A recent article in Crain’s Chicago Business asked nine Chicago businesswomen want they want to see change for 2018. I found myself nodding in agreement with most of it, save for the opening paragraph. At the risk of making a mountain out of a molehill, the comments are worth addressing because they rest on a single data point, presented out of context.
In answering the question of how she would “improve the city and its business environment,” interim vice chancellor for public and government affairs at the University of Illinois at Chicago Theresa Mintle says she would “put government on a diet.”
It is well-known Illinois has more units of government than any other state in the union—nearly 7,000 at last count. They do not make us healthier, give us better schools or build safer roads. In fact, the man-hours and tax dollars dedicated to supporting the bureaucracy are holding Illinois and local areas back from investing in systems and efficiencies that would keep us competitive in the modern, tech-driven world.
This 7000 units of government talking point is a favorite of the smaller government crowd. In fact, that phrase mimics a December 2016 article from the Illinois Policy Institute, a libertarian organization that’s long on think-tanking, but short on effective governing.
Mintle says Illinois should “use the resources freed up by reducing units of government to reinvest in higher education.” Through omission, she obscures just what that government does and the context in which it occurs.
The data Mintle cites comes from a 2012 Census report. Governing magazine lists it in an easy-to-read chart here, which shows that Illinois does lead the nation in units of government: 6,963 to be exact.
Of those units, 3,227 are special districts. The Census describes special districts as fulfilling everything from “such basic social needs as hospitals and fire protection, to the less conspicuous tasks of mosquito abatement and upkeep of cemeteries.” Mintle doesn’t say, but one assumes she thinks mosquitos and corpses are areas best suited to government cutbacks and not hospitals and fire departments. Indeed, John Oliver’s reporting on special districts shows there’s likely some fat to be cut:
Mintle’s New Year’s wish doesn’t mention that Illinois ranks 7th for the most counties in the U.S and has eight cities with populations over 100,000 (only seven states have more), both of which necessitate more units of government than other states.
Yet when you look at Illinois’s units of government per 100k residents (see the second chart at Governing), Illinois falls to 12th, below North and South Dakota, Wisconsin and Alaska, none of which seem to end up as the right’s whipping boys for governmental waste.
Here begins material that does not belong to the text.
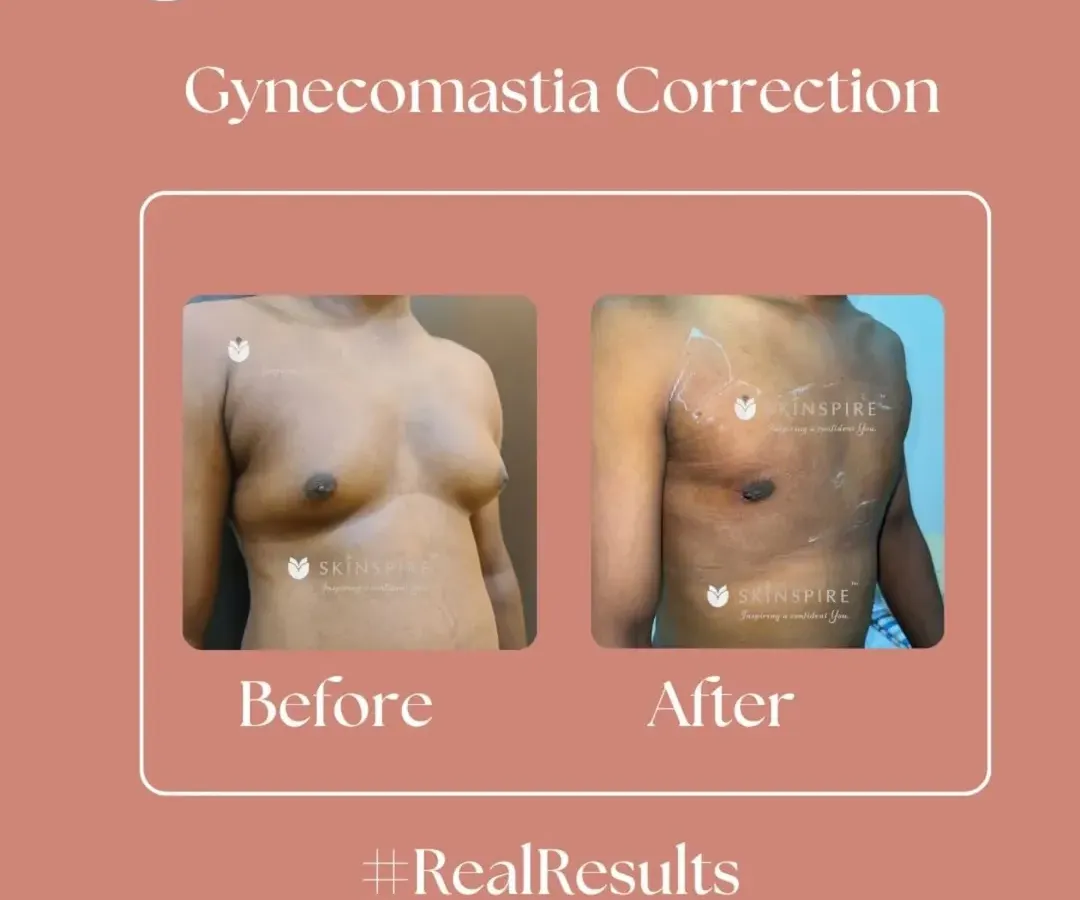 This before and after image shows a gynecomastia correction. For many men, this condition is caused by hormonal factors, not a lack of exercise. Our surgical procedure removes the glandular tissue and excess fat to create a flatter, more masculine chest contour.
What Mintle also doesn’t say is within those 7,000 are 905 independent school districts, placing Illinois third in the U.S. for the most governmental districts devoted to education. While there may be bureaucracy to reduce there, those districts include plenty of teachers. How this does not “give us better schools,” as she assets, is not explained. Mintle believes in the need for more resources for higher education, but doesn’t say whether her suggested cuts should come at the expense of our childen’s schooling, which would make them less prepared for “the modern tech-driven world” she wants them to compete in.
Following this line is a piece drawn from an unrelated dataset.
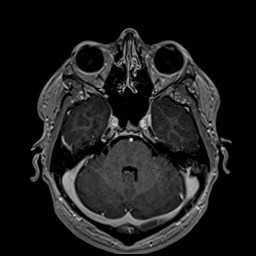 Cochlear incomplete partition type III associated with hypothalamic hamartoma (Radiopaedia 88756-105498 Axial T1 C+ 67).jpg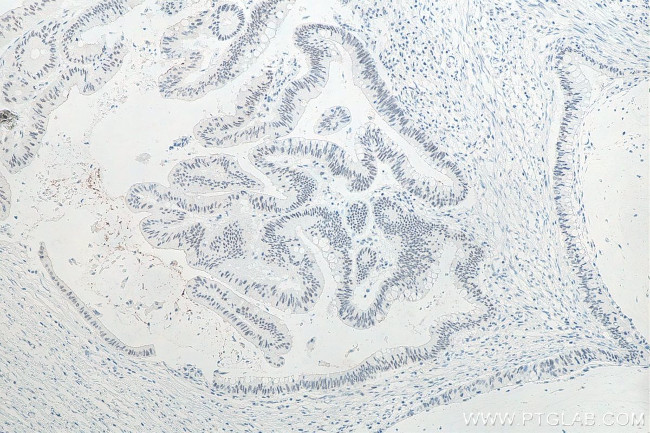 METTL3 Antibody in Immunohistochemistry (Paraffin) (IHC (P))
It’s interesting to find Mintle suddenly in a position of advocating the cutting of alleged government waste. First, she’s a public employee at an institution of higher learning, one of the best kinds of government spending. She undoubtedly sees the good work done by government every day.
As Mintle well knows, a background in government can be helpful in securing employment. Prior to her role at UIC, she was CEO of the non-governmental Chicagoland Chamber of Commerce. Her political background is part of why she was hired at the Chamber:
Mintle was a controversial pick in 2013. Although the chamber conducted a nationwide search and vetted 100-plus contenders, it turned to a political insider who lacked CEO experience.
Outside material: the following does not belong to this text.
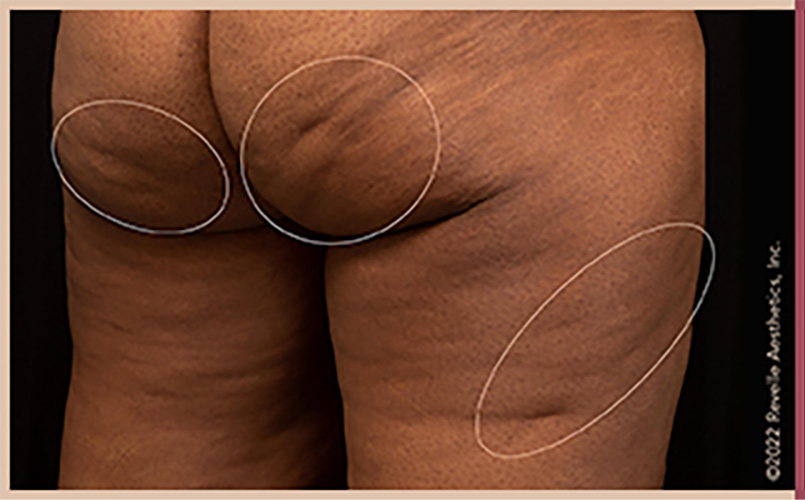 Aveli Cellulite Reduction Before & After Image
Before joining the Chamber, Mintle was Mayor Rahm Emanuel’s chief of staff and chief of staff to the head of the Chicago Transit Authority. She also served in the CTA’s governmental relations unit, in effect working as a lobbyist for the organization. (Lobbyists are apparently the kind of essential government employees that should survive any reduction in governmental units.)
Before leaving the CTA, Mintle also helped create the kind of financial malfeasance she now decries – with herself as the beneficiary:
Mayoral Chief of Staff Theresa Mintle helped enact a special early-retirement plan at her former employer—the Chicago Transit Authority—that entitled her to a $65,000 annual pension she wouldn’t have qualified for otherwise.
Mintle ended up not taking the pension perk after this reporting from Crain’s and the BGA brought it to light.
Perhaps Mintle’s experience in the benefits of government waste has caused her to rethink her previous work and become a crusader for smaller government. Or perhaps it’s another case of do as I say, not as I do.
More importantly, we should always be wary of those who lean too heavily on the “we have to cut government waste” hobby horse without looking at the impact of who and what government supports. It’s an important topic and deserving of more than generalities and sound bites.